**Work item**:
Give back the full data, unchanged and complete.

[Caption-style text data]
::::::::::

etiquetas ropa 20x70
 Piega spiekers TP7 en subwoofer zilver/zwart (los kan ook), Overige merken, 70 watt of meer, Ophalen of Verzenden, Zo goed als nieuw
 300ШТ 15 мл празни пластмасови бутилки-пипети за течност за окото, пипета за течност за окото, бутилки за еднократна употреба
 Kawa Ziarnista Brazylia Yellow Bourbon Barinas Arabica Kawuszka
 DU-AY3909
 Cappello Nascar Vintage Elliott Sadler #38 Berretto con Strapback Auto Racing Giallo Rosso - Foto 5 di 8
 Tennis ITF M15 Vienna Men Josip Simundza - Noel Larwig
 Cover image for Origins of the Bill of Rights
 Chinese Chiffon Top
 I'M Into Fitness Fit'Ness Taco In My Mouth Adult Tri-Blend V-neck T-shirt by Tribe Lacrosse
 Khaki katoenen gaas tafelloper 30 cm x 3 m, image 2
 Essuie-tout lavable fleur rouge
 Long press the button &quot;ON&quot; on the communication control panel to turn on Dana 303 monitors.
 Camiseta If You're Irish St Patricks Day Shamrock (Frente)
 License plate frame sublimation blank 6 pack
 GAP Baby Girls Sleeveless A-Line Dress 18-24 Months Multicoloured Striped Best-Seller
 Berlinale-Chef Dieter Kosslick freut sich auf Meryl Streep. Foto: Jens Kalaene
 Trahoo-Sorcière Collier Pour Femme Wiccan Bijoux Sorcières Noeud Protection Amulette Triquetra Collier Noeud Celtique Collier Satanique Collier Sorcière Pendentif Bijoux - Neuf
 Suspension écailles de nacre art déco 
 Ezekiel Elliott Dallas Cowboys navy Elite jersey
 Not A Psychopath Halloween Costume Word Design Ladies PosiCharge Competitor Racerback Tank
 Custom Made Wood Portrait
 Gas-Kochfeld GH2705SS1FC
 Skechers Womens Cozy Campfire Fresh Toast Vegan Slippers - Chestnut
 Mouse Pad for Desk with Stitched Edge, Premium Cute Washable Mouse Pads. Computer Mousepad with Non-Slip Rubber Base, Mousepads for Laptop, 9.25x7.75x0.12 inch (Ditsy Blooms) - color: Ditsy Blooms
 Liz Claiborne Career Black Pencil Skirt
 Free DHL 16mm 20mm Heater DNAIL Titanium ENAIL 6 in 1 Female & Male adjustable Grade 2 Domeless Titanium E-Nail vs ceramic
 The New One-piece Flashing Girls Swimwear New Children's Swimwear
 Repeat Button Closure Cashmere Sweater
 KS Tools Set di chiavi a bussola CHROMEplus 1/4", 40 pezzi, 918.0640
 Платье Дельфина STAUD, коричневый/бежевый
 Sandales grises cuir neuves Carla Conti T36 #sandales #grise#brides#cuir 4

::::::::::

**Exercise response**:
etiquetas ropa 20x70
 Piega spiekers TP7 en subwoofer zilver/zwart (los kan ook), Overige merken, 70 watt of meer, Ophalen of Verzenden, Zo goed als nieuw
 300ШТ 15 мл празни пластмасови бутилки-пипети за течност за окото, пипета за течност за окото, бутилки за еднократна употреба
 Kawa Ziarnista Brazylia Yellow Bourbon Barinas Arabica Kawuszka
 DU-AY3909
 Cappello Nascar Vintage Elliott Sadler #38 Berretto con Strapback Auto Racing Giallo Rosso - Foto 5 di 8
 Tennis ITF M15 Vienna Men Josip Simundza - Noel Larwig
 Cover image for Origins of the Bill of Rights
 Chinese Chiffon Top
 I'M Into Fitness Fit'Ness Taco In My Mouth Adult Tri-Blend V-neck T-shirt by Tribe Lacrosse
 Khaki katoenen gaas tafelloper 30 cm x 3 m, image 2
 Essuie-tout lavable fleur rouge
 Long press the button &quot;ON&quot; on the communication control panel to turn on Dana 303 monitors.
 Camiseta If You're Irish St Patricks Day Shamrock (Frente)
 License plate frame sublimation blank 6 pack
 GAP Baby Girls Sleeveless A-Line Dress 18-24 Months Multicoloured Striped Best-Seller
 Berlinale-Chef Dieter Kosslick freut sich auf Meryl Streep. Foto: Jens Kalaene
 Trahoo-Sorcière Collier Pour Femme Wiccan Bijoux Sorcières Noeud Protection Amulette Triquetra Collier Noeud Celtique Collier Satanique Collier Sorcière Pendentif Bijoux - Neuf
 Suspension écailles de nacre art déco 
 Ezekiel Elliott Dallas Cowboys navy Elite jersey
 Not A Psychopath Halloween Costume Word Design Ladies PosiCharge Competitor Racerback Tank
 Custom Made Wood Portrait
 Gas-Kochfeld GH2705SS1FC
 Skechers Womens Cozy Campfire Fresh Toast Vegan Slippers - Chestnut
 Mouse Pad for Desk with Stitched Edge, Premium Cute Washable Mouse Pads. Computer Mousepad with Non-Slip Rubber Base, Mousepads for Laptop, 9.25x7.75x0.12 inch (Ditsy Blooms) - color: Ditsy Blooms
 Liz Claiborne Career Black Pencil Skirt
 Free DHL 16mm 20mm Heater DNAIL Titanium ENAIL 6 in 1 Female & Male adjustable Grade 2 Domeless Titanium E-Nail vs ceramic
 The New One-piece Flashing Girls Swimwear New Children's Swimwear
 Repeat Button Closure Cashmere Sweater
 KS Tools Set di chiavi a bussola CHROMEplus 1/4", 40 pezzi, 918.0640
 Платье Дельфина STAUD, коричневый/бежевый
 Sandales grises cuir neuves Carla Conti T36 #sandales #grise#brides#cuir 4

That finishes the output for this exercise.